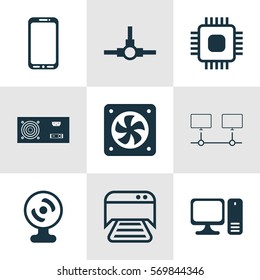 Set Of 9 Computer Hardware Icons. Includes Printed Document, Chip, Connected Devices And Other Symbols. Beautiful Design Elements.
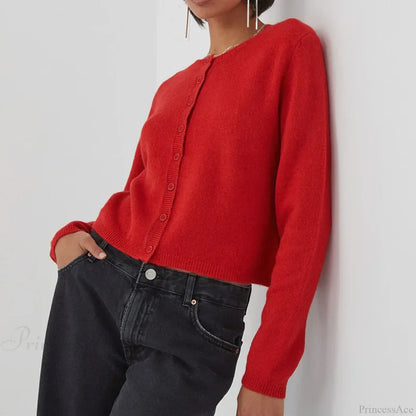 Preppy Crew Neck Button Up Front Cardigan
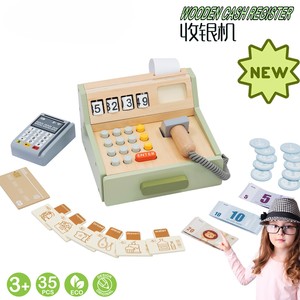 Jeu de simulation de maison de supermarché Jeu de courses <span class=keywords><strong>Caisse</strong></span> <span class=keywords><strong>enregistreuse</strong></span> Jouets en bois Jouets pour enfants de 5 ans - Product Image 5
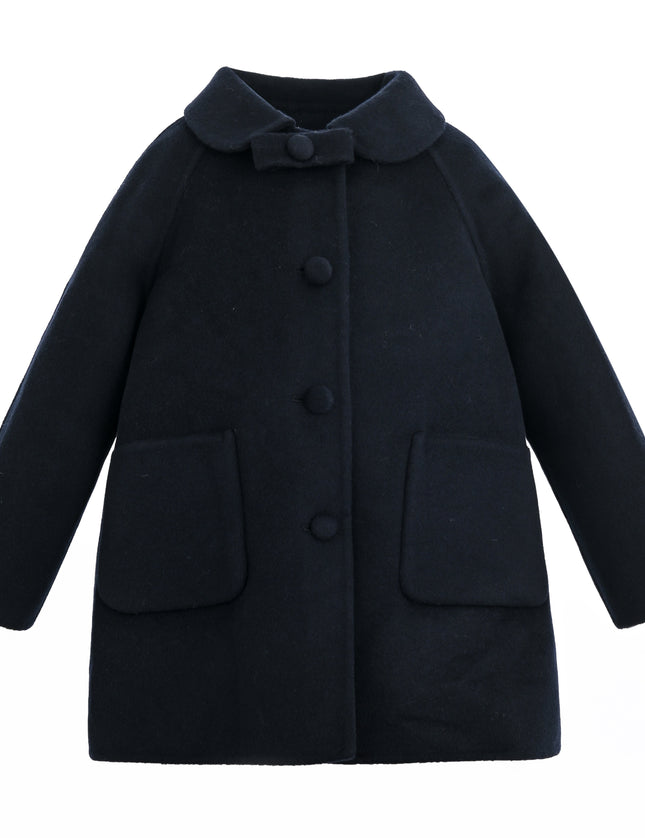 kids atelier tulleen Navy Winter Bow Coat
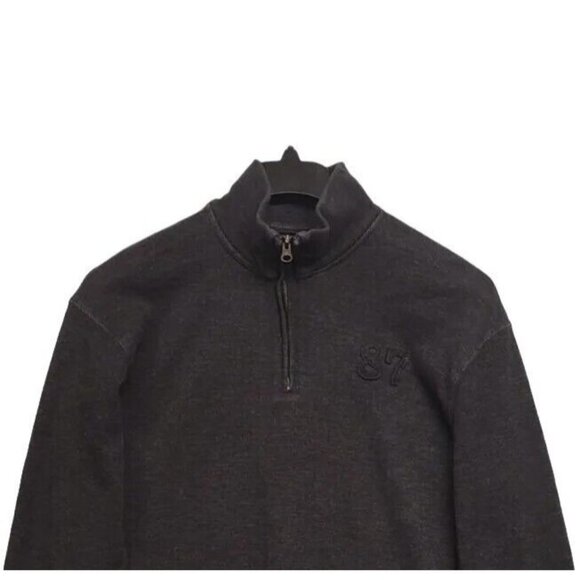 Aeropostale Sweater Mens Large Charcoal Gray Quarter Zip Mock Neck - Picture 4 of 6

- - -

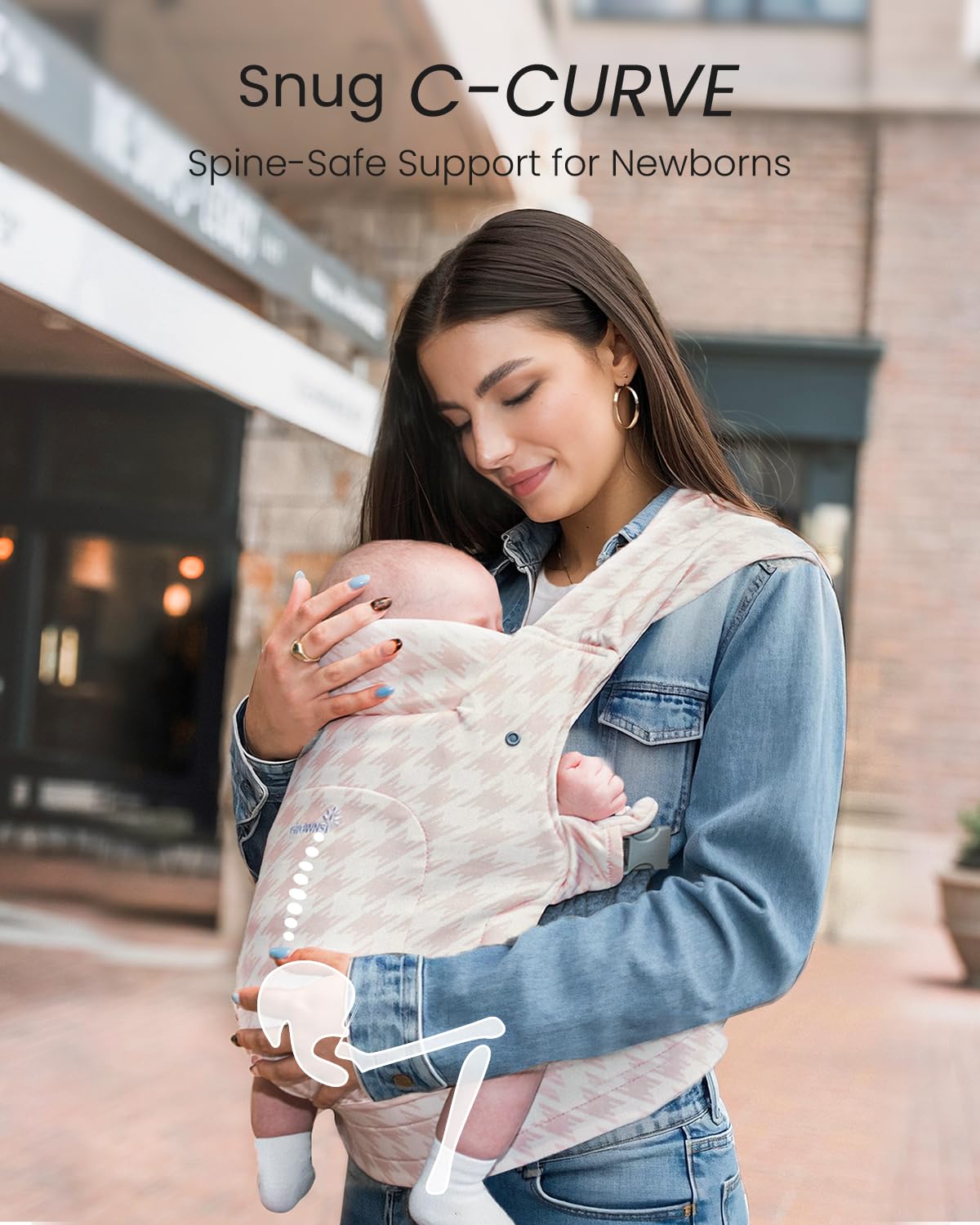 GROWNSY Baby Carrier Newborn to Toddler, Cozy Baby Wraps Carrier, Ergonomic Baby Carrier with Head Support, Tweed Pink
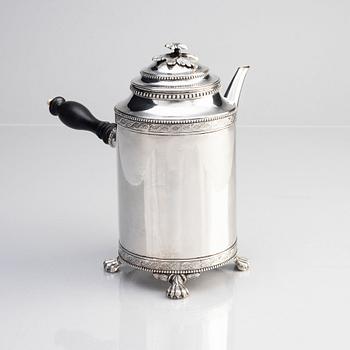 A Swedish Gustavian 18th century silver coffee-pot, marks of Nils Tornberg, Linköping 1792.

- - -

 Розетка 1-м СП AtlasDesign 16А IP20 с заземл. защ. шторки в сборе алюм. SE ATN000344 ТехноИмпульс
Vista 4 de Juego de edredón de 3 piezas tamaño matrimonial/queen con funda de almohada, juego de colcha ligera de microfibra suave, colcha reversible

- - -

- Task to carry out -
From the line containing "Set Of 9 Computer" through the line containing "Aeropostale Sweater Mens", copy every line above exactly, without pictures.

- Task response -
 Set Of 9 Computer Hardware Icons. Includes Printed Document, Chip, Connected Devices And Other Symbols. Beautiful Design Elements.
 Preppy Crew Neck Button Up Front Cardigan
 Jeu de simulation de maison de supermarché Jeu de courses <span class=keywords><strong>Caisse</strong></span> <span class=keywords><strong>enregistreuse</strong></span> Jouets en bois Jouets pour enfants de 5 ans - Product Image 5
 kids atelier tulleen Navy Winter Bow Coat
 Aeropostale Sweater Mens Large Charcoal Gray Quarter Zip Mock Neck - Picture 4 of 6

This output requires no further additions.